Menjadi anak kecil tidak semudah melinting tembakau. Menjadi
anak kecil harus berani bermimpi, mempunyai tingkat keingin-tahuan yang tinggi,
dan tidak menyimpan dendam. Itulah yang beberapa bulan ini aku pelajari dari
kolektif Nandvr Dvlvr. Tidak mudah memang untuk menjadi anak kecil dengan
kondisi bumi seperti saat ini. Bagaimana bisa bermimpi tinggi jika yang
terpikir hanya menunggu gaji, bagaimana bisa gila akan pengetahuan baru kalau
dalam diri sudah merasa tahu segalanya, dan bagaimana bisa berdamai dengan diri
sendiri jika lebih suka mencari perbedaan ketimbang persamaan.
Anak kecil yang aku temui di taman kota selalu menghadirkan
keceriaan, bukan karena dia datang bersama ibunya yang masih muda, bukan.

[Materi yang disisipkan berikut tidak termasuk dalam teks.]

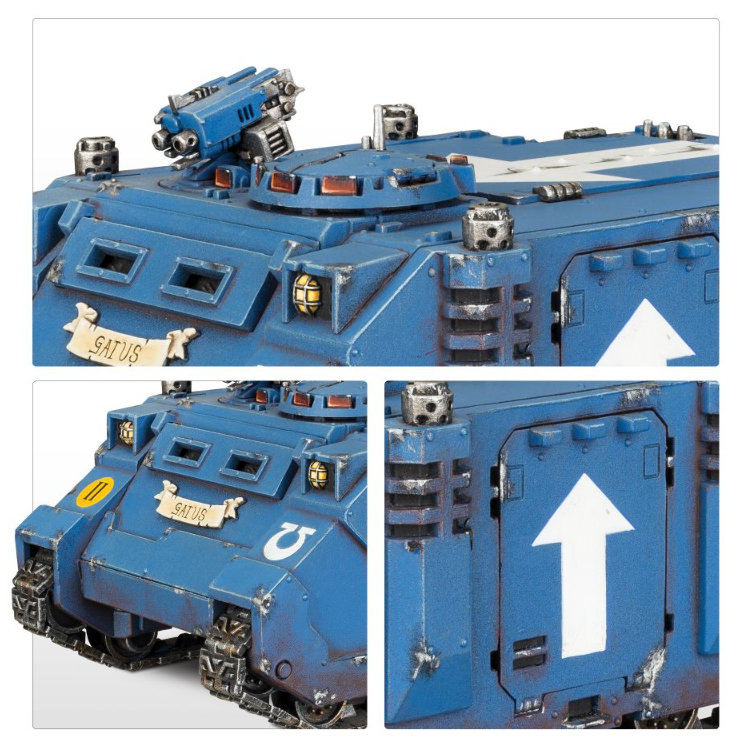[BSF พร้อมส่ง]Warhammer 40K: SPACE MARINES: RAZORBACK โมเดลเกมสจำลอง ...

Tapi karena dalam setiap anak kecil yang datang memiliki imajinasi mereka
masing-masing, jadi jangan salahkan mereka saat mereka menggambar sebuah pohon
dengan warna hitam, atau menggambar sebuah rumah yang berada di dasar laut. Di
setiap mereka mempunyai mimpi akan masa depan dan jangan sekali-kali mencoba
untuk menyamakan anak satu dengan anak lainnya, karena mereka terlahir dengan
keajaibannya masing-masing.
Dalam benak sebagian orang mimpiku mungkin terlampau tinggi.
Tak mengapa, karena memang aku sendiri suka tinggi. Mimpi untuk membangun sebuah
sekolah gratis yang di dalamnya tidak ada istilah anak bodoh yang membuat diri
mereka seakan berlumuran dosa karena tidak naik kelas. Karena memang tidak ada
anak bodoh, semua anak pintar, semua anak punya keinginan dan kemampuan di
bidang tertentu, dan sekolah ini nanti akan menggandeng anak tersebut menuju
jalan keinginannya. Sekolah ini nanti bukan sekolah yang membebani anak dengan
PR, tidak menyuruh anak untuk tunduk pada pengajar, tidak menyuruh anak harus
hafal rumus dan tanggal-tanggal ultah pacar/mantan mereka penting dalam
buku sejarah. Sekolah ini mengajarkan anak untuk berdiskusi, menjabarkan ide
mereka kemudian bergerak bersama. Sekolah yang tidak ada pengajar paten, karena
di setiap orang yang terlibat adalah guru sekaligus murid.
“Lalu bagaimana dengan
ijasah mereka? apa kantor-kantor atau perusahaan dapat menerima mereka?”
Memang sulit jika melihat situasi seperti hari ini. Seseorang
dipandang sukses jika mendapat gelar sarjana atau mempunyai uang ratusan juta.
Para pria akan merasa berwibawa dan ksatria saat mengatakan pekerjaannya adalah
PNS kepada calon mertua. Begitupun para wanita, mereka akan merasa seperti
Cinta yang diperankan Dian Sastro saat bekerja di perusahaan ternama. Namun
tidak semua seperti bayanganku di atas, hanya segelintir saja yang seperti itu.
Ingat! Hanya segelintir. Lantas bagaimana dengan jawaban pertanyaaan di atas.
Ijasah memang penting bagi mereka yang ingin melamar ke perusahaan atau
kantor-kantor, namun jika lulusan sekolah gratis ini mempunyai bakat tertentu,
bukankah perusahaan itu yang akan mencari mereka, atau malah mereka yang akan
membangun perusahaan sendiri, berdikari. Aku tidak menyalakan atau
mengkerdilkan orang-orang yang bekerja dalam naungan perusahaan, karena aku
sendiri masih bekerja ikut orang. Toh,
yang terpenting di sini bagaimana dia dapat mengendalikan dirinya sendiri,
menghargai dirinya sendiri.
Dengan adanya sekolah yang tidak ada satupun muridnya
bergelar murid bodoh, maka akan menjauhkan anak dari ajang bully. Anak akan saling menghargai keistimewaan anak lainnya.
Karena seperti yang aku tulis di atas, bahwa setiap anak terlahir dengan
keistimewaan masing-masing. Maka dari itu, dengan sangat bangga aku mengenalkan
ide sekolah ini pada kalian yang membaca tulisan ini. Terserah kalian mau
memaki aku karena mimpiku yang terlalu tinggi. Karena aku ingin selalu mengajak
bermain anak kecil di sekitaranku dan juga anak kecil dalam diriku, maka dari
itu mimpiku selalu tinggi, keingin-tahuanku selalu besar, dan aku belajar untuk
tidak gampang dendam.
Karena dendam tak ubahnya seperti bom waktu, yang pada saatnya
nanti akan menghancurkan segalanya, termasuk diri kita.